Aetna's argument that it is entitled to attorney's fees because the court granted a preliminary injunction serves to weaken rather than strengthen its position and further supports the conclusion that an award of attorney's fees is not appropriate in this case. Aetna argues that because a plaintiff who obtains a preliminary injunction under the antitrust laws is entitled to an award of attorney's fees, 15 U.S.C. § 26, a plaintiff who obtains a preliminary injunction under RICO should be similarly benefited.

Assuming for the purpose of this argument that a private plaintiff may obtain a preliminary injunction under § 1964, the difference in language between the attorney's fee provision of § 1964(c) and that of § 16 of the Clayton Act, 15 U.S.C. § 26, which expressly provides for private injunctive relief and attorney's fees, indicates that plaintiff's argument must fail. Section 16, amended in 1976 to authorize attorney's fees, Pub.L. 94-435, 90 Stat. 1396, provides that "[i]n any action under this section in which the plaintiff substantially prevails, the court shall award the cost of suit, including a reasonable attorney's fee, to such plaintiff." (emphasis supplied). This language has been interpreted as not requiring a final judgment on the merits for an award of fees. Grumman Corp. v. LTV Corp., 533 F. Supp. 1385 (E.D.N.Y. 1982); Harnischfeger Corp. v. Paccar, Inc., 503 F. Supp. 102, 104-05 (E.D.Wisc.1980); F & M Schaefer Corp. v. C. Schmidt & Sons, Inc., 476 F. Supp. 203, 106-07 (S.D.N.Y. 1979). In each of those cases, a plaintiff who had obtained preliminary injunctive relief was found to have "substantially prevailed" within the meaning of § 16.

Section 1964(c), on the other hand, does not provide for attorney's fees where a plaintiff "substantially prevails", but rather contains language more closely akin to that found in § 4 of the Clayton Act, which permits an award of attorney's fees only to a plaintiff who has obtained a final judgment *913 on the merits. Where Congress intended an award of attorney's fees to a "prevailing party" or a "substantially prevailing" party, it has said so. E.g., Freedom of Information Act, 5 U.S.C. § 552(a) (4) (E) (substantially prevailing); Equal Access to Justice Act, 28 U.S.C. § 2412(d) (prevailing party); Civil Rights Attorney's Fees Awards Act of 1976, 42 U.S.C. § 1988 (prevailing party). It follows that if Congress had intended for fees to be awarded to a prevailing party or a substantially prevailing party in a suit brought under § 1964, it would have used language similar to that found in these statutes, rather than language almost identical to that found in § 4 of the Clayton Act. Thus, the fact that plaintiff obtained a preliminary injunction does not entitle it to an award of attorney's fees in this case.
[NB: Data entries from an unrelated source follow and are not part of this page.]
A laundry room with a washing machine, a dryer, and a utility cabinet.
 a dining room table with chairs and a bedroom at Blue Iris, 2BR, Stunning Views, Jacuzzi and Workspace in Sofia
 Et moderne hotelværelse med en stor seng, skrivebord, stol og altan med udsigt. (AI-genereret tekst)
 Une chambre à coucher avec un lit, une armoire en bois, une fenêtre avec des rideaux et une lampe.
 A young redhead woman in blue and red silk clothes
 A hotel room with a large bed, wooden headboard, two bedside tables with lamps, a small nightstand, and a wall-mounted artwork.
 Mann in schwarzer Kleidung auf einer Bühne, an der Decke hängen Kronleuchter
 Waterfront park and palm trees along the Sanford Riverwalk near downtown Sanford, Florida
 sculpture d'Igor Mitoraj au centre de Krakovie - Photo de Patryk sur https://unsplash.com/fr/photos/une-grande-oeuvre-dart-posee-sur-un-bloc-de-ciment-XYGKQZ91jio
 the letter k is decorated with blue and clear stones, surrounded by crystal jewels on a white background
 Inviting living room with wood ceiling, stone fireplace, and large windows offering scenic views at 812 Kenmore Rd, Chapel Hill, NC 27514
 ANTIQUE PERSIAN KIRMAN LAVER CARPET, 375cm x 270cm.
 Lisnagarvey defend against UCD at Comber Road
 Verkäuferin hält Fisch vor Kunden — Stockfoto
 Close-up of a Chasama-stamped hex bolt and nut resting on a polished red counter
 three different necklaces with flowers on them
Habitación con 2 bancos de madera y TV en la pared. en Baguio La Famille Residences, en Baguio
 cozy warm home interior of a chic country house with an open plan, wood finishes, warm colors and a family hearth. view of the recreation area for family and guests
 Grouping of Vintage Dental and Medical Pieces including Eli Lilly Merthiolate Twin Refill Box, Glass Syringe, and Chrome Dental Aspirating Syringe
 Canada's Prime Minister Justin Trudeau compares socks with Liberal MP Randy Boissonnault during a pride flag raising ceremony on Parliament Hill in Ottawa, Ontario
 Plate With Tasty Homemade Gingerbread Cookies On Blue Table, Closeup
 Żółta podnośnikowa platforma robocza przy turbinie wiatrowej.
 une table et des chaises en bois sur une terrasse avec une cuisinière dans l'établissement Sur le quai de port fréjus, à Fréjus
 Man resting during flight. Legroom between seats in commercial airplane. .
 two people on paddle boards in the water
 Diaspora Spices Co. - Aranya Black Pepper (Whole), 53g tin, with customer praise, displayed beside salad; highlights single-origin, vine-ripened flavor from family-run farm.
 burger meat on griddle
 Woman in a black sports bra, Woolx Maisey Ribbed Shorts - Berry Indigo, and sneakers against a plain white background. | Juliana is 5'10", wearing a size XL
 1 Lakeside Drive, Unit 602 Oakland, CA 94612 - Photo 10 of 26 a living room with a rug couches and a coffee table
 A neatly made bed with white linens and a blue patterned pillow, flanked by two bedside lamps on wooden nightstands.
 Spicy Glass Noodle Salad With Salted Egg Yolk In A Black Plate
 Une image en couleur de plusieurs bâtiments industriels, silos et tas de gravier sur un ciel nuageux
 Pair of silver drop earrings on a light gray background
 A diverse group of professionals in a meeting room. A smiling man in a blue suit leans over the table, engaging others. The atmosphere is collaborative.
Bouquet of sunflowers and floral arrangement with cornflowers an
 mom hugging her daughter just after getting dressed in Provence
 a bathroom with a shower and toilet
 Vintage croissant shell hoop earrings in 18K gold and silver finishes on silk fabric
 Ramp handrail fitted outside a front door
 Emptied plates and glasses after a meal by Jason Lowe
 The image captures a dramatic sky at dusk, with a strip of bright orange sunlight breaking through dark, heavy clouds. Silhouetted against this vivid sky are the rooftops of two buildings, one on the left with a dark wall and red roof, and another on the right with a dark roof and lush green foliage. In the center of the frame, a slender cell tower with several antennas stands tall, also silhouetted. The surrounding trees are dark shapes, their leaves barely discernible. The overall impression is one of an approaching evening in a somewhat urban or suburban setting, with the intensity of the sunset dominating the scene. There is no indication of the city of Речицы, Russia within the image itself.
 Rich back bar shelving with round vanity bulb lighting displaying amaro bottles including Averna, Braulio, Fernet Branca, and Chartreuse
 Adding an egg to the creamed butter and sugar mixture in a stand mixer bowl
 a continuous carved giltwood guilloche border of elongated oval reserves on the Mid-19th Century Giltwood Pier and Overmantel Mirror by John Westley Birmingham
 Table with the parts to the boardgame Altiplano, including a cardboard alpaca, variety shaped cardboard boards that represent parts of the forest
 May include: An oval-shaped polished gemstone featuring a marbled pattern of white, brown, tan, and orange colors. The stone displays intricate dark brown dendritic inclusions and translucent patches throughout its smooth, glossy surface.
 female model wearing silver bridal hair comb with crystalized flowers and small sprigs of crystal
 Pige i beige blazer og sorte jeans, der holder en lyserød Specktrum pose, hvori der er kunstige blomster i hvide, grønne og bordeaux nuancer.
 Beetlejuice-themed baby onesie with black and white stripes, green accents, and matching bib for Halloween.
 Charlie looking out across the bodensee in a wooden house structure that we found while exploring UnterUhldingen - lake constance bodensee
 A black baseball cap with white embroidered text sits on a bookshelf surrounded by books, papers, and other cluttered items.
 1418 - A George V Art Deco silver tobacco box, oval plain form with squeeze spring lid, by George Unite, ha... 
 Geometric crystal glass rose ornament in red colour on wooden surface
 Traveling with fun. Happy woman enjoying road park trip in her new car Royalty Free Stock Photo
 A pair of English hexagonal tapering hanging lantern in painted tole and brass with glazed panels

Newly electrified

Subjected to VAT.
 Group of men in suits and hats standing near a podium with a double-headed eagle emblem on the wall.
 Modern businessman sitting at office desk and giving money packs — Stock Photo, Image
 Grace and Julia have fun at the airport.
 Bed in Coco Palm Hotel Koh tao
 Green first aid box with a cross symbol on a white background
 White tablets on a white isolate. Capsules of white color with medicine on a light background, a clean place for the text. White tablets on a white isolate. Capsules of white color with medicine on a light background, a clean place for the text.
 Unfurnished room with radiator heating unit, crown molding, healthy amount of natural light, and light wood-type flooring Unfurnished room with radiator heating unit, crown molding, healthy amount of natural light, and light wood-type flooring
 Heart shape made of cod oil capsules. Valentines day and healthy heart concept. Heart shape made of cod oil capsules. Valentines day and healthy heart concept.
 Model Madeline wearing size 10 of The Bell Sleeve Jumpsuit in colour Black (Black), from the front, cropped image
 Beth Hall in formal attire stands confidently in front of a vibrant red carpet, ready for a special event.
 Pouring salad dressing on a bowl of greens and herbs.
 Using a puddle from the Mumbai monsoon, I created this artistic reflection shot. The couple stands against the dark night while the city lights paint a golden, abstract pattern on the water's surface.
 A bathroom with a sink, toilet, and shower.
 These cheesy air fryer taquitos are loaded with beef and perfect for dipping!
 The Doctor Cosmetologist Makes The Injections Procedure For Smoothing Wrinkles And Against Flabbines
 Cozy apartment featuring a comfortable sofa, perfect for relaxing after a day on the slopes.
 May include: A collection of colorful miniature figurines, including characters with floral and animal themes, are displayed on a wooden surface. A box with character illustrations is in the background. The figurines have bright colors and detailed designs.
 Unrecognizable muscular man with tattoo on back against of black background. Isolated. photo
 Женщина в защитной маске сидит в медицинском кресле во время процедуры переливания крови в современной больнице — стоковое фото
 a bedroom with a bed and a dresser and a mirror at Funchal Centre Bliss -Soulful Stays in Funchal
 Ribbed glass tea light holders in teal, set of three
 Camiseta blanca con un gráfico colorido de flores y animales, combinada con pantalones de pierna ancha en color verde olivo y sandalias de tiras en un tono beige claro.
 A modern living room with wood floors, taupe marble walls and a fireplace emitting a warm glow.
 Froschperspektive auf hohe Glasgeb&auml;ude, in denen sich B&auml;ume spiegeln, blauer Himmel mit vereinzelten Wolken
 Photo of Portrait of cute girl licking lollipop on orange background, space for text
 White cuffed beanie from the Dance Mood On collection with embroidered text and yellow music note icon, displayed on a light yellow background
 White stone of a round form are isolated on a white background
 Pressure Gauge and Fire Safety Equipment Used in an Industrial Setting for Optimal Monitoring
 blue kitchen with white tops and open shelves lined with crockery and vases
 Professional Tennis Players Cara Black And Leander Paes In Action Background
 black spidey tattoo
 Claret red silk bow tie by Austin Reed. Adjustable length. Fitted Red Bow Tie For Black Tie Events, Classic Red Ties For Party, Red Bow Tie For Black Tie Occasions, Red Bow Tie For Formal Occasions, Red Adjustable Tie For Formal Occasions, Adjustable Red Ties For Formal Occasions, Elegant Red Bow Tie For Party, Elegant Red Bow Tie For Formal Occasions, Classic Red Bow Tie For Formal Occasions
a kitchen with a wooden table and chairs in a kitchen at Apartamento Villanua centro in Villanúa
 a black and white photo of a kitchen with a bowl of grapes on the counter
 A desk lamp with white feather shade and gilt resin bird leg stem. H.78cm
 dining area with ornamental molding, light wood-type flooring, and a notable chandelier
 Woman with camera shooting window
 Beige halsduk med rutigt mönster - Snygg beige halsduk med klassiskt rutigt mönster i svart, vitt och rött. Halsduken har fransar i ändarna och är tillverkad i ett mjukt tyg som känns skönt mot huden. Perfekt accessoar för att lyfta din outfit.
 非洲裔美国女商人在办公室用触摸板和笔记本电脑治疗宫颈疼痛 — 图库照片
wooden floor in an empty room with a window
The court is aware of RICO's "liberal construction clause": "The provisions of this title shall be liberally construed to effectuate its remedial purposes." § 904(a), Pub.L. 91-452, 84 Stat. 947, 18 U.S.C. § 1961 note. Aetna argues that this statement supports an award of attorney's fees on the ground that the purposes of the statute will be frustrated if plaintiffs are deterred by the high cost of litigation. However, the court may not, under the general approach of "liberal construction", ignore the clear implications of Congress's choice of Clayton Act language rather than the prevailing party concept when it authorized attorney's fees in RICO cases.

For the reasons stated, plaintiff's motion for attorney's fees is denied.

SO ORDERED.

NOTES

[*] Of the U.S. Court of Appeals, Second Circuit, sitting by designation.